Not Buying into Lonzo Ball, Not Yet Anyways
With a meaningless Summer League MVP to add to his dad’s mantle, Lonzo Ball is now the next coming of Magic Johnson. Pundits and fans have been swinging like Tarzan from Lonzo’s nether regions already anointing him an All-Star, a dark horse MVP candidate or even the next guy to average a triple double a la Russell Westbrook. Yawn. I’m not buying into Lonzo Ball as any of those.
What is the Summer League really? A bunch of rookies and players who will probably not even make the D-League and we’re supposed to be impressed with the #3 pick playing better than guys who will be bagging groceries come November? C’mon man. Are we that desperate for an exciting player that we have to gravitate to the one guy playing well against scrubs?
Lonzo Ball hasn’t even played a single second against a real NBA team with real NBA players. Do the names Tyrus Jones or Kyle Anderson ring a bell? Don’t remember them. They too also won the Summer League MVP trophy. How did they fare in the NBA against real talent? My point exactly. It’s too early to call Lonzo Ball the second coming of anything.

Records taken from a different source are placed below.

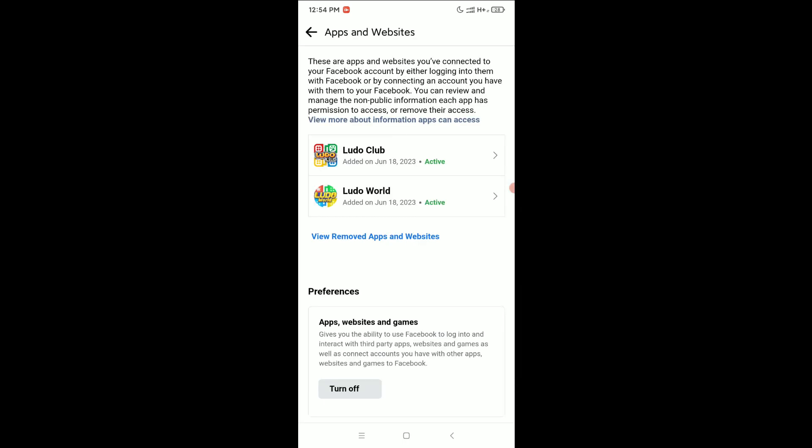Here you can see some games that are connected - PUBG, Free Fire, or any other games that are linked here. If you want to remove them, just tap on the arrow icon.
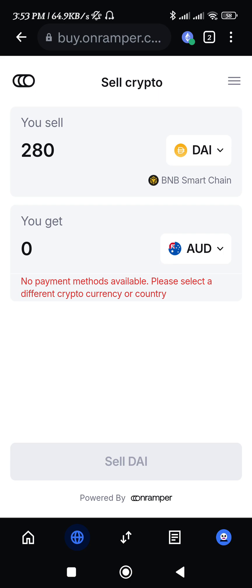After that, it will show you the equivalent amount of money that you are going to get. You just have to tap on the sell option and then it will redirect you to the On Ramps website.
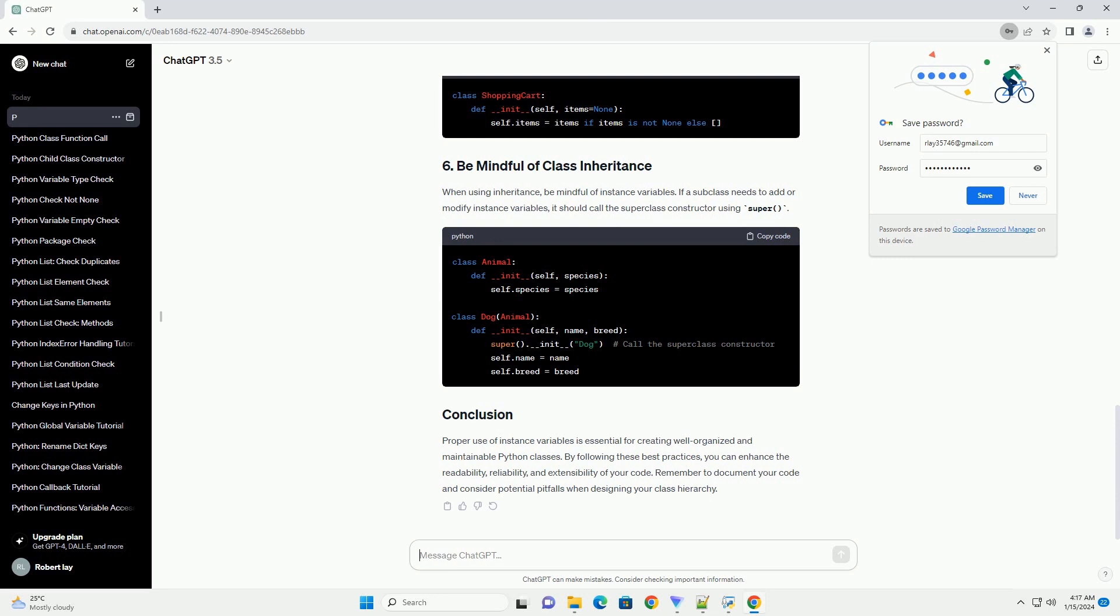Proper use of instance variables is essential for creating well-organized and maintainable Python classes. By following these best practices, you can enhance the readability, reliability, and extensibility of your code. Remember to document your code and consider potential pitfalls when designing your class hierarchy.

Lonzo may very well end up being what everyone is predicting, but his game has some serious flaws that real NBA talent is going to eat up. He’ll soon realize that playing NBA talent isn’t like playing against the Girl Scouts in the Summer League. His unconventional jump shot is going to get him blocked and frequently as well. He shoots across his body from the left side as if he was throwing a bale of hay onto the back of a truck. It isn’t smooth and it isn’t quick jump shot either. Reminds me of the ugliness that was Shawn Marion’s jump shot.
While people lauded his court vision, I saw a turnover machine against better defenders. He did make some great passes, but more often than not he would kick it out in traffic where if it was against better players they would have stolen the pass. Unlike his ugly jump shot, his decision making with passes can be corrected quickly.
It’s too early to tell what Lonzo Ball will be, if anything at all. Making him a basketball legend so early without really proving himself his quite dubious at best. I’ll wait to see a season’s worth of work against real talent before I start proclaiming him the second coming of Magic Johnson or anyone else for that matter.